Dann kam Nikodemus bei Nacht. Sobald ein Verlangen nach Christus auftritt, kommt das Bewusstsein, dass die Welt – und insbesondere die religiöse Welt – dagegen sein wird. Deshalb geschieht das erste Hingezogenwerden zu Christus oft im Verborgenen.

Nikodemus nennt den Herrn „Rabbi“ (Meister). Er berichtet dem Herrn, was er weiß, und gibt ihm den Platz des Lehrers, während er den Platz des Schülers einnimmt. Ohne sich selbst wirklich zu kennen, glaubt er, recht lernfähig zu sein, wenn er nur jemanden hätte, der ihn lehrte. Bei der Antwort des Herrn: „Es sei den, dass jemand von neuem geboren werde, so kann er das Reich Gottes nicht sehen“, verschwindet bei Nikodemus sogleich die bewundernde Anerkennung für den Herrn als Rabbi, sein durch menschlichen Verstand erworbenes Wissen und sein natürliches Lernvermögen. Dies entspringt alles der alten Natur und ist wertlos, wenn es darum geht, in den Dingen Gottes belehrt zu werden. Der menschliche Verstand und natürliche Fähigkeiten machen es zwar möglich, eine Menge Dinge in der Natur zu sehen, solange ein Mensch jedoch nicht „von neuem geboren“ wurde, kann er das Reich Gottes nicht sehen.

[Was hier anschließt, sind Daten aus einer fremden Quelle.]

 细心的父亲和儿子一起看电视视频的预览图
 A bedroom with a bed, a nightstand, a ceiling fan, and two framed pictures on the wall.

Hier verbindet der Herr die Wiedergeburt mit dem Reich. Später wird Er von himmlischen Dingen, seinem Werk und dem ewigen Leben sprechen. Das Reich wurde zu dieser Zeit nicht in seiner materiellen und äußerlichen Form dargestellt, die die Natur erkennen könnte, sondern wurde in seinen moralischen Eigenschaften in Christus dargestellt. Der König war da, wurde aber abgelehnt. Die moralischen Eigenschaften des Reiches wurden in Ihm gesehen: „Gerechtigkeit, Friede und Freude“. Diese sind die Segnungen, die sein Königreich in der Zeit seiner Herrschaft tatsächlich charakterisieren werden und die jetzt diejenigen in der Kraft des Geistes kennen, die an Christus am Tage seiner Ablehnung geglaubt haben. Das Königtum in dieser moralischen Art in dem König zu sehen, war der Natur unmöglich. Aus diesem Grund muss es ein Wirken Gottes im Herzen geben, hier als die Neugeburt bezeichnet.

Vers 4

Joh 3,4: Nikodemus spricht zu ihm: Wie kann ein Mensch geboren werden, wenn er alt ist? Kann er etwa zum zweiten Male in den Leib seiner Mutter eingehen und geboren werden?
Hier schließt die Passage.